こちらは、六條八幡宮さんとは趣きが異なっちょります。参道両脇に樹々が生い茂り、かなり幽玄な雰囲気。参道の石段両脇には春野らしく紫陽花が花を咲かせちょりますが、拝殿、本殿のある辺りは薄暗く、独特の厳粛な雰囲気を醸し出しちょります。吉良神社。
怨霊を鎮めるために建立された神社なので、その独特の雰囲気は当たり前なのかも知れません。
戦国末期、土佐国では最も知られる怨霊潭のひとつ、七人ミサキの伝説。
こないだ、比江山七人ミサキのことを書きました。それよりも、土佐では知られた「七人ミサキ」が、吉良氏の七人ミサキであることはご承知の通り。
今一度おさらい。
天正14年の年末。豊後戸次川の戦いで愛する嫡男、信親を喪うた長宗我部元親。土佐へ帰ってきて、気力を失うた元親は、自分の後継者に、四男の盛親を指名しました。次男親和や三男親忠が生きているのに、それでは武家の倫理に反する、などと重臣が諫言するも、近臣の久武内蔵助などの讒言もあって、諫言した家臣達を粛正してしもうた事件。
元親の従兄弟である比江山親興一族も、そして、甥である吉良親実とその家臣達も。吉良親実は、元親の弟で、春野の名門、土佐の戦国七雄のひとつと唱われた吉良氏の家督を継いで吉良城主となった吉良親貞の息子。なかなか優秀であったにかあらん。
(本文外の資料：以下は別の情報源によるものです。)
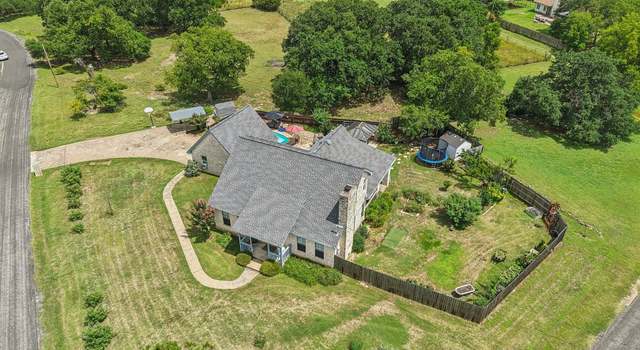 Photo of 419 Crossland Dr, Georgetown, TX 78628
しかし、信親を喪い、持ち前の判断力が混乱していた元親は、讒言を信じて親実に切腹を命じたのでありました。
そして、七人の家臣が殉死。
その後、その怨霊が元親や城下の人々を悩ませるようになった、という伝説。ここ、親実公の墓所である木塚山にも、ケチ火が現れるようになりました。そして常に七人の死霊。一人を取り殺すと一人が成仏するも、取り殺された者が七人ミサキの一人となり、いつまでも七人で増えも減りもしない。
全国に「七人ミサキ」の伝説は残るようですが、吉良親実さんとその家臣の伝説が一番有名。
怨霊を怖れた元親は、この地の墓に木塚明神を祀り、鎮めようとしました。それが、この、吉良神社。そんな訳で、少し、俗世から超越した、ヒトが無闇に入り込んでくるのを拒むような、そんな雰囲気が満ちあふれます。
吉良神社の御祭神は吉良左京進秦親実公。
拝殿脇の奥に境内社である七社明神。御祭神は次の七人。
勝賀野次郎兵衛実信、城ノ内太守坊、小島甚四郎、宗安寺眞西堂、永吉飛騨守宗廣、吉良彦太夫、日和田与三右衛門。七人みさき。
ここまで読んで、お気づきのことと存じますが、七人ミサキには、吉良親実本人は含まれちょりません。吉良親実公は、単独で怨霊となり、家臣団が七人ミサキとなった訳です。
ここは、親実公の墓所でもある訳で、400年以上経った今も、地元の皆さんに大切に祀られ、七人ミサキの伝説とともに受け継がれていっているのであります。